In July 2008, the Association initiated lien foreclosure proceedings against the owner of Unit 402 ("the Unit") in the Spiaggia Ocean Condominium. In July 2009, the Association obtained a default final judgment of foreclosure, and a foreclosure sale was scheduled for December 2009. In September 2009, the holder of the first mortgage on the Unit, the Bank of New York ("the Bank"), initiated foreclosure proceedings against the owner and named the Association as a defendant. The first mortgage far exceeded the value of the Unit.
At auction, the Association placed the sole bid and took title subject to the first mortgage held by the Bank. The Association proceeded to rent the Unit. The Bank subsequently obtained a final judgment of foreclosure, and a second foreclosure sale was scheduled for September 2010. Aventura Management (third party investor) was the successful bidder and obtained title to the Unit, at which point the Association released its ownership interest.
After Aventura Management acquired the Unit, the Association attempted to recover from Aventura Management the past due assessments, late fees and interest that had accrued since the original owner defaulted. The Association maintained that, as third-party purchaser, Aventura Management was liable under F.S. 718.116(1)(a), which provides in pertinent part: "A unit owner, regardless of how his or her title has been acquired, including by purchase at a foreclosure sale or by deed in lieu of foreclosure, is liable for all assessments which come due while he or she is the unit owner. Additionally, a unit owner is jointly and severally liable with the previous owner for all unpaid assessments that came due up to the time of transfer of title."
After receiving a demand for payment, Aventura Management claimed that it was not liable for the past due assessments.
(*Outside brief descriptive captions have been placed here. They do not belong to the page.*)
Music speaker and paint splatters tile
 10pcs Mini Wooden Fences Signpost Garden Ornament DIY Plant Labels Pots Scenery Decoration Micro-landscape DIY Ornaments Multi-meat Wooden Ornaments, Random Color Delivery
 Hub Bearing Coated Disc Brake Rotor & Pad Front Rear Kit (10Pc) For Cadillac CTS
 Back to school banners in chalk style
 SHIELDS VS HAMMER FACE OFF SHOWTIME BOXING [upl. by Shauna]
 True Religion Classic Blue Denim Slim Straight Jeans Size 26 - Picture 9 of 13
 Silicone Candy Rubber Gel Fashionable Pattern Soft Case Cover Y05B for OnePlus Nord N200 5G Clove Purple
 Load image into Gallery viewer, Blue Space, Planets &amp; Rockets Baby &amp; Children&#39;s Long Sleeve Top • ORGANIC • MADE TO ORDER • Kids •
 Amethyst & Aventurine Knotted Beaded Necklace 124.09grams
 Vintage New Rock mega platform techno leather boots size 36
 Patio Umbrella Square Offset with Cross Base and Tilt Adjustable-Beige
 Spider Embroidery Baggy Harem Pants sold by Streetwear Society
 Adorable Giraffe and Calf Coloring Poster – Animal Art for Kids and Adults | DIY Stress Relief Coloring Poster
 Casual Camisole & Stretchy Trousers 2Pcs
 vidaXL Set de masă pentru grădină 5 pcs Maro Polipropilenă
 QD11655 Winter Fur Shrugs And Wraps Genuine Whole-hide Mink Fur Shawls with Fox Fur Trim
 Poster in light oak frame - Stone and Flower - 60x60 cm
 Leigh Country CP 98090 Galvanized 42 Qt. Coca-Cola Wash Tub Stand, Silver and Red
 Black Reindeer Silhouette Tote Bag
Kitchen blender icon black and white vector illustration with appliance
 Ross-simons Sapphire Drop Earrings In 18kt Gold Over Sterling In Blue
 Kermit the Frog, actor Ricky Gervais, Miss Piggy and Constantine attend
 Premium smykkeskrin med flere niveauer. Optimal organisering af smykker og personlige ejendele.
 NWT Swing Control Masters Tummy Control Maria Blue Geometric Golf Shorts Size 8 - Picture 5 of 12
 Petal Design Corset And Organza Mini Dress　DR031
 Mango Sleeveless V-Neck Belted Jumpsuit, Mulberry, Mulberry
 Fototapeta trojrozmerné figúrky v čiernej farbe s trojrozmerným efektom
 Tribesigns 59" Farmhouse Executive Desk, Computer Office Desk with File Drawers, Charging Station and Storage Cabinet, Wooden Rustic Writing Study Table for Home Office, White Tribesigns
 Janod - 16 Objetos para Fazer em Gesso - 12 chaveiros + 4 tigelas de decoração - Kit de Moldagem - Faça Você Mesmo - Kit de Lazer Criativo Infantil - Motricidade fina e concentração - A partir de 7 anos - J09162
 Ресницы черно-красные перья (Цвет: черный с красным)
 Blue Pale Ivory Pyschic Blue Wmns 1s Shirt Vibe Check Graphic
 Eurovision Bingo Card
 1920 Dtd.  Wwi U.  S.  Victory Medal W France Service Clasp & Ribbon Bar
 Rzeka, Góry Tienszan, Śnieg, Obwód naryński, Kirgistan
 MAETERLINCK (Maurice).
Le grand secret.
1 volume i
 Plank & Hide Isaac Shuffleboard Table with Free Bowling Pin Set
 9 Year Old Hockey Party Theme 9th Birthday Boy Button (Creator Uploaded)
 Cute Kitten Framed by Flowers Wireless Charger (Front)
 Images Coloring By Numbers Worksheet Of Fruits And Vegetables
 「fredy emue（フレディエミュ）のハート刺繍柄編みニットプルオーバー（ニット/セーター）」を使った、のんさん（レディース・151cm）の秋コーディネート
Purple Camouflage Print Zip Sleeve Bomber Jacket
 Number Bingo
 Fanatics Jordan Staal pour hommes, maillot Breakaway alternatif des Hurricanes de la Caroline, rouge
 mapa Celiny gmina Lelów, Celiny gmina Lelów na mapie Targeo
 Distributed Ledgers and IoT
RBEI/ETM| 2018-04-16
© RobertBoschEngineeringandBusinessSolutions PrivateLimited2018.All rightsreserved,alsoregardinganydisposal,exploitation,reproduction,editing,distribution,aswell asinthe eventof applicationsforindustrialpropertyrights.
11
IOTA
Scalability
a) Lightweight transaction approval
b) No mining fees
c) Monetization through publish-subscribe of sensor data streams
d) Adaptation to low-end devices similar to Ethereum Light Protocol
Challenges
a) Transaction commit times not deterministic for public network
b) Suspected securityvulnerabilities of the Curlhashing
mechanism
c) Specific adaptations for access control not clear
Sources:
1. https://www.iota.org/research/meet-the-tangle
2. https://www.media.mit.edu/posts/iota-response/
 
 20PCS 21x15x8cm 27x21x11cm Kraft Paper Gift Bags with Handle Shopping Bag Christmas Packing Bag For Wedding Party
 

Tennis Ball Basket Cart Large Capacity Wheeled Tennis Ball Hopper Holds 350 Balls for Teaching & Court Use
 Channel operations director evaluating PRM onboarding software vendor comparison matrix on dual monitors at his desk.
Rather, Aventura Management argued that as an intervening owner between the prior owner and Aventura Management, the Association was responsible for the assessments owed by the previous owner. Aventura Management brought suit against the Association seeking an interpretation of the statute, arguing that it was liable only for assessments accruing after it took title to the Unit. Both parties moved for summary judgment, and the trial court granted the Association's motion, ruling that the Association's lien did not merge with the certificate of title it was issued in connection with the foreclosure action and Aventura Management was obligated to pay all amounts owed on the Unit. The trial court further found the Association was not jointly and severally liable to Aventura Management for any amounts.
On appeal, the 3rd DCA reversed the trial court's ruling, holding that, as an intervening owner, the Association was also jointly and severally liable for the past due assessments when it was the owner of the Unit. The court further opined that 718.116(1)(a) did not provide an exception to the joint and several liability dilemma for associations who take title to delinquent unit owners' property. Accordingly, the Association was not permitted to collect the past due assessments, late fees and interest that had accrued since the original owner defaulted from Aventura Management. The initial reaction to this opinion from practitioners in the condominium/real property arena is that it will negatively impact associations' efforts to mitigate losses when confronted with a delinquent unit owner/property.